---- Source material

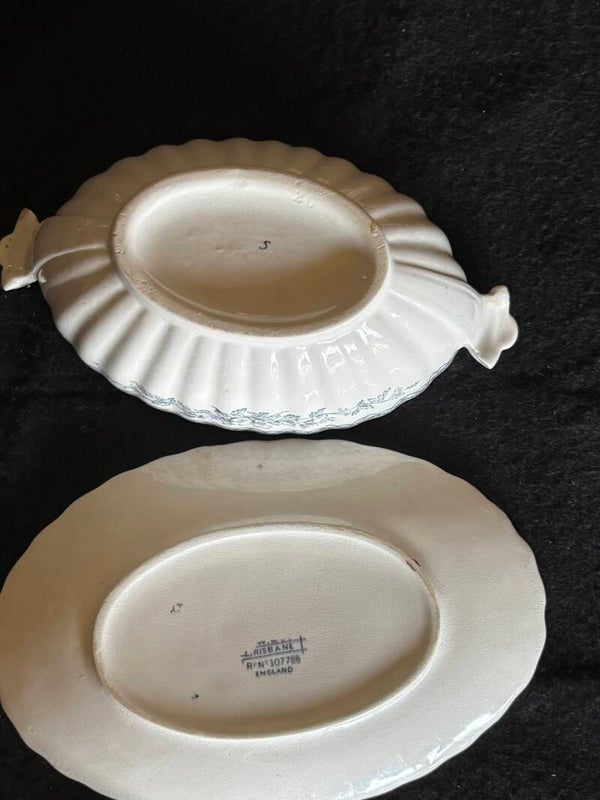 1880's: 3 Pc Gravy Set: Brisbane
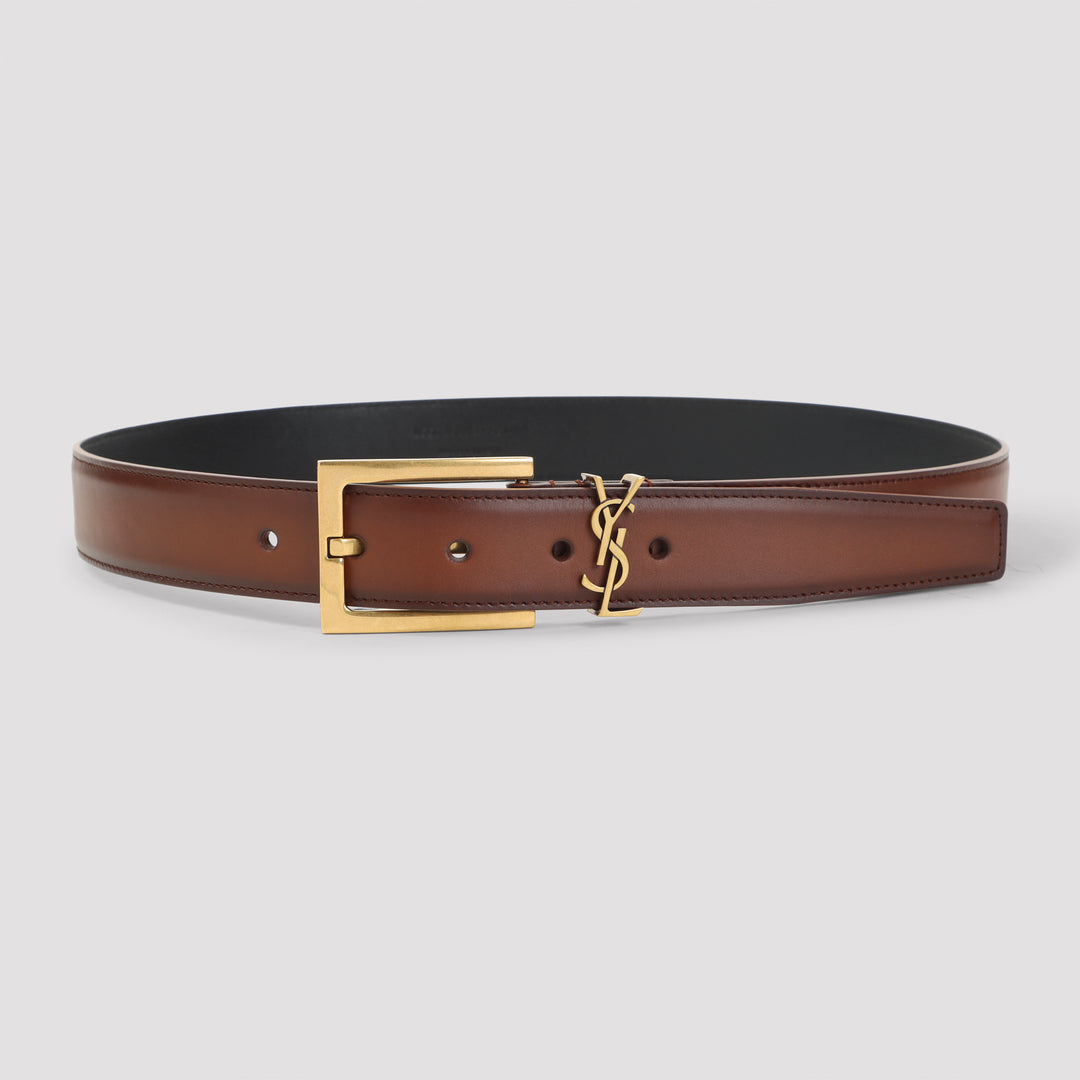 Saint Laurent Cinture - Marrone | ad3fd5f07f2d074a7936fe8ff430b6f78d576203
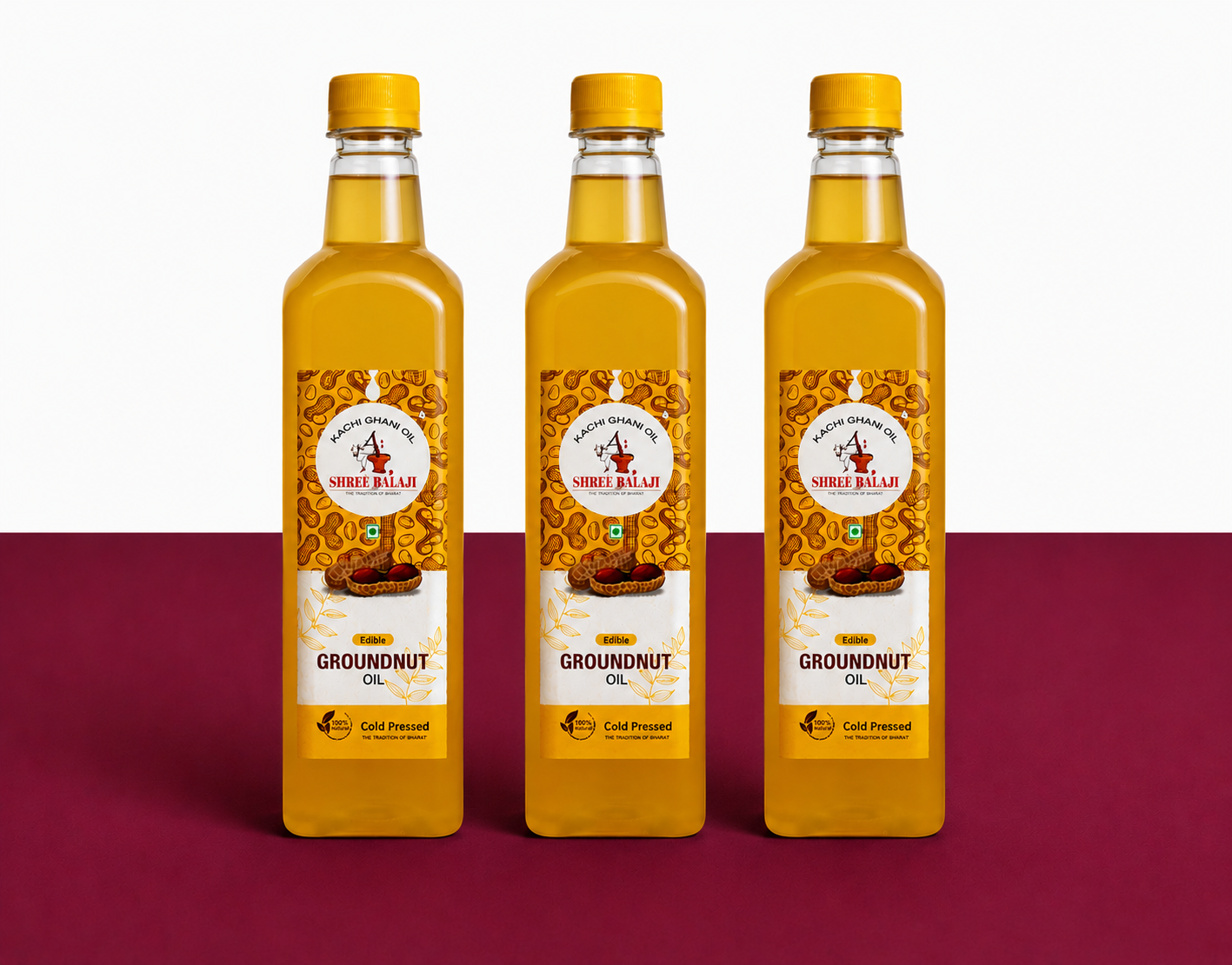 Wood pressed Groundnut oil
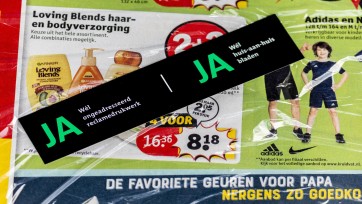 Ja/ja-sticker heeft geen invloed op koopgedrag, folders gingen toch ongeopend de prullenbak in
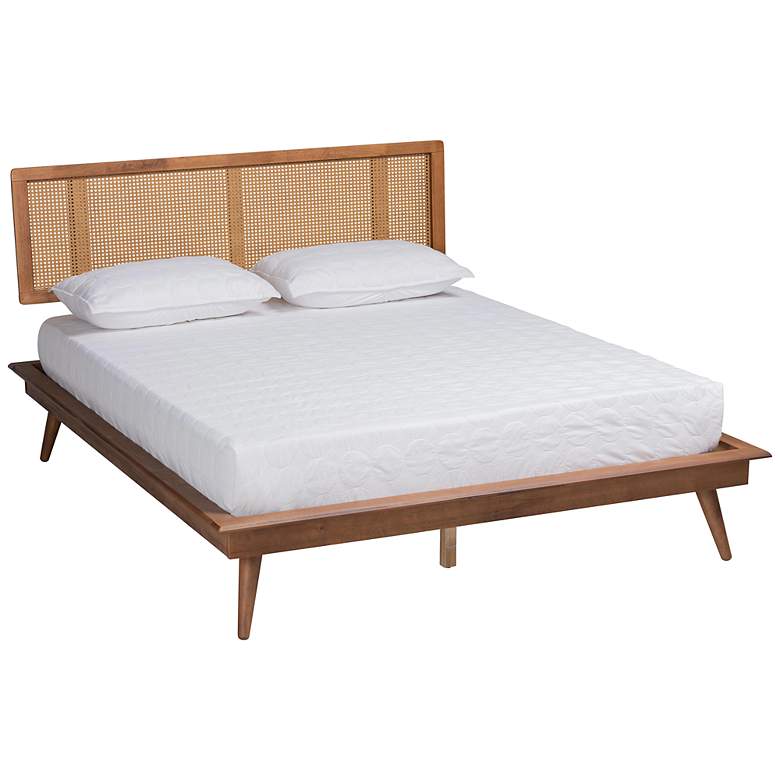 Image 2 Baxton Studio Nura Walnut Brown Full Size Platform Bed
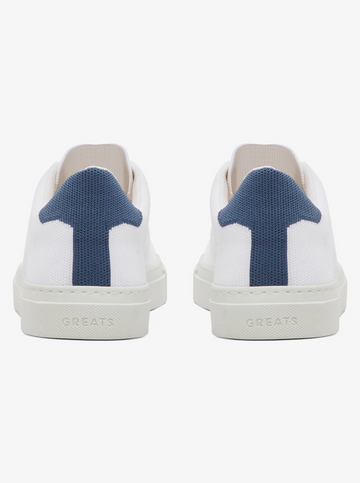 Knit Royale Sneaker in White/Navy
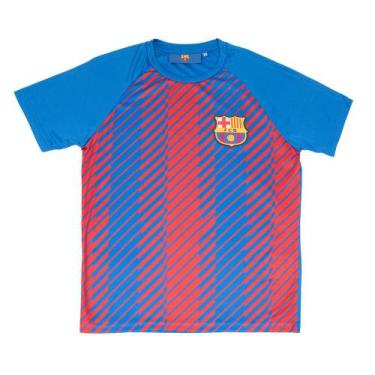 Imagem de Camiseta Infantil Balboa Barcelona Azul/Vermelho, Azul, Vermelho, 14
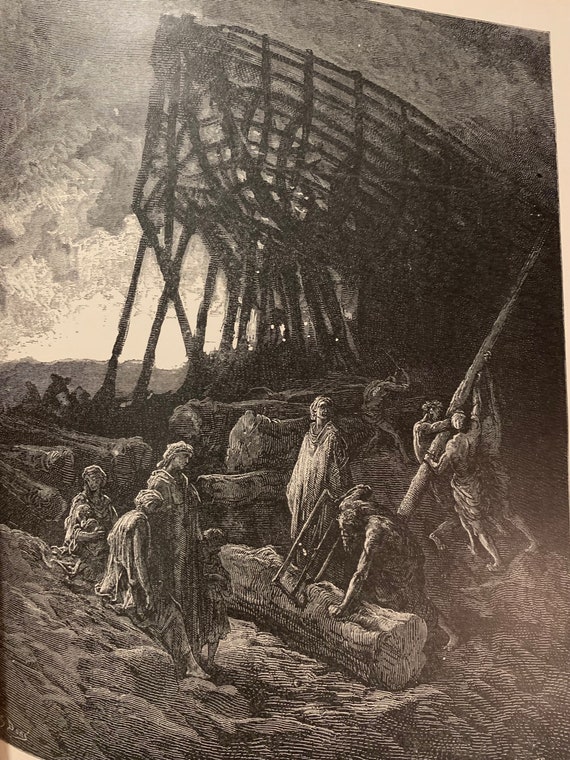 1884年 失楽園の本：ギュスターヴ・ドレの挿絵入り版画、ジョン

--------

• _What you will do_: With the pictures left out, give again exactly the lines from the one with "Saint Laurent Cinture" through the end of the data, both included.

• _Task response_:
 Saint Laurent Cinture - Marrone | ad3fd5f07f2d074a7936fe8ff430b6f78d576203
 Wood pressed Groundnut oil
 Ja/ja-sticker heeft geen invloed op koopgedrag, folders gingen toch ongeopend de prullenbak in
 Image 2 Baxton Studio Nura Walnut Brown Full Size Platform Bed
 Knit Royale Sneaker in White/Navy
 Imagem de Camiseta Infantil Balboa Barcelona Azul/Vermelho, Azul, Vermelho, 14
 1884年 失楽園の本：ギュスターヴ・ドレの挿絵入り版画、ジョン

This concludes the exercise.